La critique de l’expert scientifique
2L’expert scientifique n’est pas seulement un savant, mais encore une personne d’expérience maîtrisant les multiples facettes de son domaine d’expertise, connaissant ses limites et sachant faire appel aux expertises complémentaires. Il est reconnu par ses pairs et sollicité non seulement par les profanes et les institutions, mais aussi par les professionnels ayant une expertise moindre. Il a donc une fonction de recours. Il est capable d’expliquer aux uns et aux autres son raisonnement et les solutions qu’il propose pour prendre une décision à un moment donné, en fonction de l’état des connaissances à ce moment et de son expérience dans le domaine. Enfin, l’expert doit en permanence entretenir et approfondir ses compétences, notamment en participant à des débats entre experts. Il n’y a pas d’expertise sans contre-expertise. Enfin, l’expert honnête doit savoir reconnaître ses erreurs et en tirer les leçons, sachant qu’on ne lui demande pas l’infaillibilité mais la prise en compte de l’ensemble des données disponibles au moment de son expertise. Face à cette conception idéale de l’expert, l’expert scientifique réel s’est trouvé pris en défaut à plus d’un titre.
31) La médecine n’est pas une science « exacte ». Ce qui est présenté comme une vérité n’est en réalité qu’une vérité statistique, c’est-à-dire une vérité considérée comme hautement probable, demandant à être confirmée par plusieurs études. Les conclusions hâtives sur la base des résultats d’une seule étude sont donc souvent secondairement démenties. De plus, la vérité elle-même s’affine au gré des progrès scientifiques et des résultats des études. L’erreur la plus répandue est la généralisation abusive, oubliant de prendre en compte les particularités de l’échantillon étudié et les limites de la méthodologie employée. Souvent partielles et provisoires, ces vérités laissent une large place aux interprétations parfois excessives ou biaisées et aux débats contradictoires entre experts.

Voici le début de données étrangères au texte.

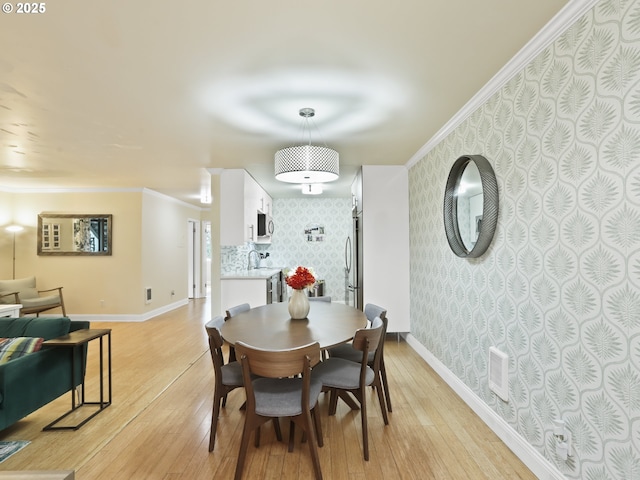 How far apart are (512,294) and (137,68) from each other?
9.09 feet

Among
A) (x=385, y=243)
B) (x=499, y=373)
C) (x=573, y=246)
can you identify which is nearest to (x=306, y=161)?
(x=573, y=246)

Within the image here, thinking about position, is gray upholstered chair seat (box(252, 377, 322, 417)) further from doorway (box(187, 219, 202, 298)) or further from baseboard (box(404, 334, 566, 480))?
doorway (box(187, 219, 202, 298))

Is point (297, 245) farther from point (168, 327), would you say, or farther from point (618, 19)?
point (618, 19)

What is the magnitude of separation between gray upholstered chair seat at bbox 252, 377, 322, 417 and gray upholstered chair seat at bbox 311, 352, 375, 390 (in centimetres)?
11

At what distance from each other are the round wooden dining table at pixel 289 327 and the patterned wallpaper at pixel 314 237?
4.24 m

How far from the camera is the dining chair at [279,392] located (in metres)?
1.87

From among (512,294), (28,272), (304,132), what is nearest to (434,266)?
(512,294)

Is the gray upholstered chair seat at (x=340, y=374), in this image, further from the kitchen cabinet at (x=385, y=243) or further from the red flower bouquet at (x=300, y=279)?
the kitchen cabinet at (x=385, y=243)

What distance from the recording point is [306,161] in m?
2.91

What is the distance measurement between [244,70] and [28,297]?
5.74 m

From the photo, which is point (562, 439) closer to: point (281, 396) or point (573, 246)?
point (573, 246)

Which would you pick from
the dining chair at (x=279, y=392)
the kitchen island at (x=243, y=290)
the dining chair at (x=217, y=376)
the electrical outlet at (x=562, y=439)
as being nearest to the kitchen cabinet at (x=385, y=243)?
the kitchen island at (x=243, y=290)

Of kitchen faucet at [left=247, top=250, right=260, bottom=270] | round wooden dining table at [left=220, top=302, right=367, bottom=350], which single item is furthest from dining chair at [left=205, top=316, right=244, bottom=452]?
kitchen faucet at [left=247, top=250, right=260, bottom=270]

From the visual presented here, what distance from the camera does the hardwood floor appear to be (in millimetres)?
2092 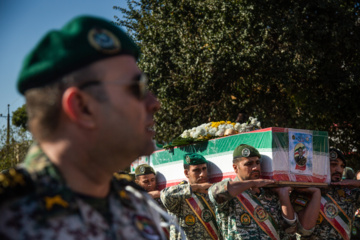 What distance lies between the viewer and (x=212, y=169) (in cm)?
568

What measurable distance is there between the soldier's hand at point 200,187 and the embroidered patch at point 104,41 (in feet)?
13.3

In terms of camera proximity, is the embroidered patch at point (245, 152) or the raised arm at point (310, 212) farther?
the raised arm at point (310, 212)

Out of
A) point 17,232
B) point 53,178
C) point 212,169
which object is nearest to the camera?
point 17,232

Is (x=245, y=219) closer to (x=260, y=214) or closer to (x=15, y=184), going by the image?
(x=260, y=214)

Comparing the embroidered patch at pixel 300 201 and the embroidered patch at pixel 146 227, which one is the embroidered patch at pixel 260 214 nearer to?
the embroidered patch at pixel 300 201

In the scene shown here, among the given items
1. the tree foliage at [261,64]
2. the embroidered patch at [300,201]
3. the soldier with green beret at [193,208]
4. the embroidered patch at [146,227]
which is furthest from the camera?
the tree foliage at [261,64]

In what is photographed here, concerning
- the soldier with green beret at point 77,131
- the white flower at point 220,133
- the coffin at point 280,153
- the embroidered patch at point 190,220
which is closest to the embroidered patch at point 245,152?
the coffin at point 280,153

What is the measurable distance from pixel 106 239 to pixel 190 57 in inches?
402

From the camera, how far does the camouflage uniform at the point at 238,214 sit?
4.95 meters

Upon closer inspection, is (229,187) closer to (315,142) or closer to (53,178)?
(315,142)

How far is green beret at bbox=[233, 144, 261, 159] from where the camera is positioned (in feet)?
16.0

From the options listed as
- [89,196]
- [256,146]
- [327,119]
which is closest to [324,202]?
[256,146]

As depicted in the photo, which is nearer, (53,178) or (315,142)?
(53,178)

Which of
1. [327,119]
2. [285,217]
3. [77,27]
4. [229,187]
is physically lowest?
[285,217] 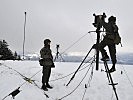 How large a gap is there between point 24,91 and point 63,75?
3725 mm

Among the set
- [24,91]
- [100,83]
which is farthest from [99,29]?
[24,91]

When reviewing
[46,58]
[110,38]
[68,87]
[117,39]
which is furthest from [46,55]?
[117,39]

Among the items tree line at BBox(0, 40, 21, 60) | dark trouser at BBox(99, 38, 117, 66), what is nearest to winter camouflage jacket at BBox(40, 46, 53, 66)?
dark trouser at BBox(99, 38, 117, 66)

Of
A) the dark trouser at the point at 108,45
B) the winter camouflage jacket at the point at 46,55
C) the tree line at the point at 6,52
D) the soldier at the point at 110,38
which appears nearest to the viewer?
the soldier at the point at 110,38

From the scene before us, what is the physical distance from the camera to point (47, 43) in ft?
34.9

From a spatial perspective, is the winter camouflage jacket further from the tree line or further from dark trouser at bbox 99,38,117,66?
the tree line

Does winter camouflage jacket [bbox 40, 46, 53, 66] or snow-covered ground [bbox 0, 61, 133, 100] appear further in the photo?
winter camouflage jacket [bbox 40, 46, 53, 66]

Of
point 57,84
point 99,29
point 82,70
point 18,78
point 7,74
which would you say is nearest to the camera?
point 99,29

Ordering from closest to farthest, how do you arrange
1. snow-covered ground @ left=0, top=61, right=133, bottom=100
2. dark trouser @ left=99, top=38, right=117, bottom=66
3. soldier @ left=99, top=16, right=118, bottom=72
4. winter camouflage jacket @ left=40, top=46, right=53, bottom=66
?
soldier @ left=99, top=16, right=118, bottom=72
dark trouser @ left=99, top=38, right=117, bottom=66
snow-covered ground @ left=0, top=61, right=133, bottom=100
winter camouflage jacket @ left=40, top=46, right=53, bottom=66

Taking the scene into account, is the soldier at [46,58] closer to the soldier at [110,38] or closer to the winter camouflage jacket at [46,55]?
the winter camouflage jacket at [46,55]

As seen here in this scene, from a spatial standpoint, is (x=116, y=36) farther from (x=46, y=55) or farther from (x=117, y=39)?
(x=46, y=55)

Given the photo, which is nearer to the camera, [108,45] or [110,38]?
[110,38]

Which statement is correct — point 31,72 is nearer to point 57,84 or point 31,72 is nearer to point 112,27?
point 57,84

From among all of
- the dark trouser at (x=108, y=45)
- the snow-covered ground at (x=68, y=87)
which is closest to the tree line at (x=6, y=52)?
the snow-covered ground at (x=68, y=87) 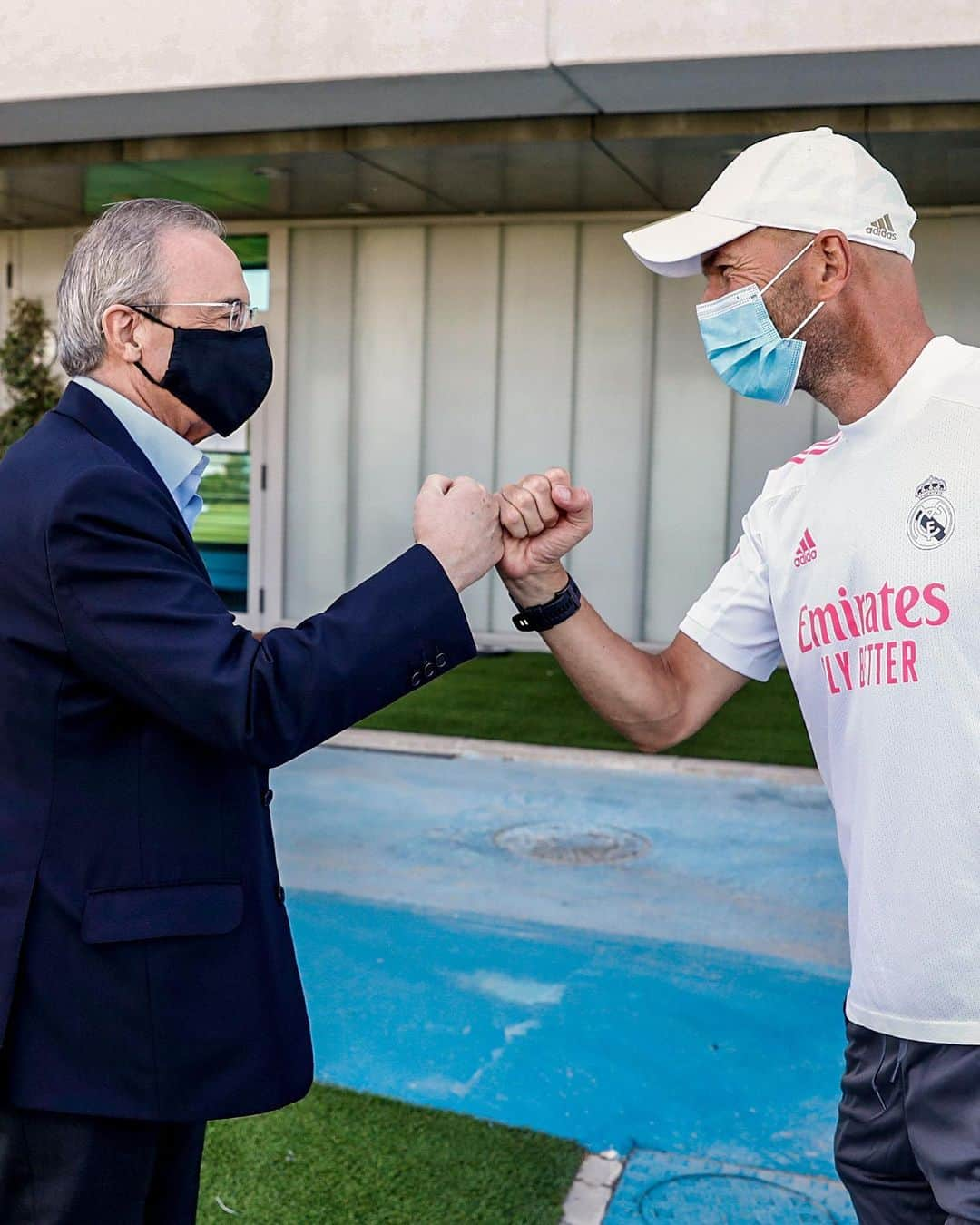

42) Par définition, l’expert scientifique a une compétence profonde mais limitée et il peut être tenté de profiter de sa notoriété pour jouer les experts au-delà de son champ de compétence. Un des problèmes majeurs de l’exercice médical est d’ailleurs que nombre de médecins experts scientifiques sont experts de la maladie et de son traitement, mais peu ou pas experts en psychologie, en sociologie ou en santé publique. Leur compétence est biomédicale, mais pas ou peu psychosociale. À vrai dire, cela pose peu de problèmes lorsqu’il s’agit de médecins « ingénieurs-techniciens » hautement spécialisés (radiologues, cardiologues interventionnels, chriurgiens, réanimateurs, etc.), mais les médecins généralistes, les pédiatres, les gériatres, tous ceux prenant en charge des patients atteints de maladies chroniques devraient avoir une triple compétence biomédicale, psychologique et pédagogique. De même, on peut être un excellent communicateur lors de congrès médicaux où on s’adresse à ses pairs et être un piètre éducateur de patients, tant la pédagogie diffère dans les deux situations : pédagogie frontale didactique pour un congrès scientifique, pédagogie constructiviste centrée sur le patient pour l’aider à acquérir des compétences et faciliter les changements de comportement par l’éducation thérapeutique.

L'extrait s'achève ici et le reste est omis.